**GIVEN DATA**:
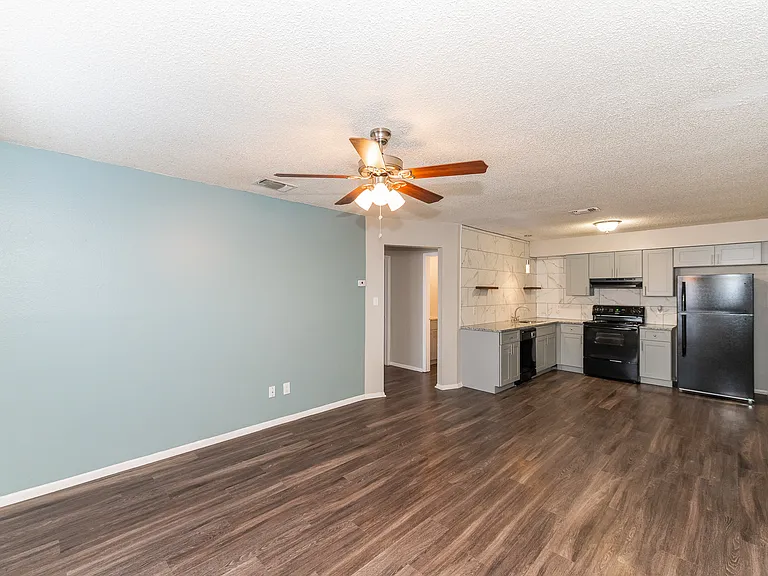 400 Rosewood apartments — Photo 14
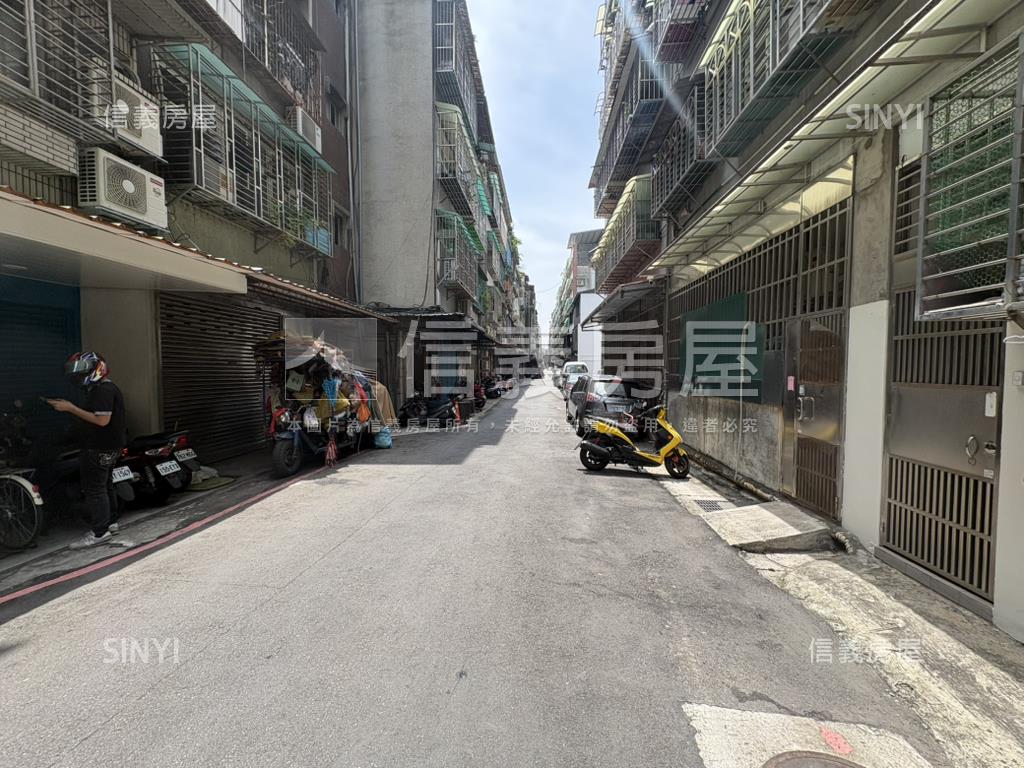 三重屋況美一樓方正免整理房屋室內格局與周邊環境
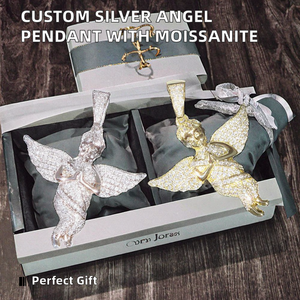 Colgante de Ángel Personalizado en Plata de Ley S925 Chapada en Oro con Moissanita Redonda Brillante Certificada para Regalo de Joyería - Product Image 2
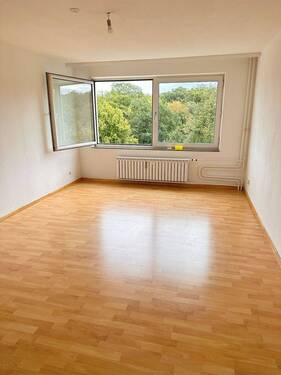 Wohn-Schlafraum - 1 Zimmer Etagenwohnung zum Kaufen in Wolfsburg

**ACTIVITY**: What the answer needs is every line from the one containing "Colgante de Ángel" through the final line of the data above, copied exactly, without pictures.

**RESULT**:
 Colgante de Ángel Personalizado en Plata de Ley S925 Chapada en Oro con Moissanita Redonda Brillante Certificada para Regalo de Joyería - Product Image 2
 Wohn-Schlafraum - 1 Zimmer Etagenwohnung zum Kaufen in Wolfsburg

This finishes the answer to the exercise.